● Task details
Print nothing but the lines below starting at the line that holds "Load image into" and ending at the line that holds "Ta Có Thể Đốn", including both, each exactly as written.

===== Task input =====

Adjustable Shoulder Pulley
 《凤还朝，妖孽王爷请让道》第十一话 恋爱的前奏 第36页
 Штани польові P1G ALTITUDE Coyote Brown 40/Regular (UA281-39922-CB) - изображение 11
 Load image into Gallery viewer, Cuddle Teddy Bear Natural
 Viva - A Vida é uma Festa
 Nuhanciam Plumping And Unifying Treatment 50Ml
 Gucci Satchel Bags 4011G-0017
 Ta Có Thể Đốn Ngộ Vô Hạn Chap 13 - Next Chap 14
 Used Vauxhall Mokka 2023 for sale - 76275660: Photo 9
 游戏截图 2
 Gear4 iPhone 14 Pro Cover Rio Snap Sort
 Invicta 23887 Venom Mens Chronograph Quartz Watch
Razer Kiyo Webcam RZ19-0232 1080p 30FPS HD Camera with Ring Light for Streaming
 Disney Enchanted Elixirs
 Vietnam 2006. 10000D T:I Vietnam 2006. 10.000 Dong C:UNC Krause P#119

=====

● Solution for this task
 Load image into Gallery viewer, Cuddle Teddy Bear Natural
 Viva - A Vida é uma Festa
 Nuhanciam Plumping And Unifying Treatment 50Ml
 Gucci Satchel Bags 4011G-0017
 Ta Có Thể Đốn Ngộ Vô Hạn Chap 13 - Next Chap 14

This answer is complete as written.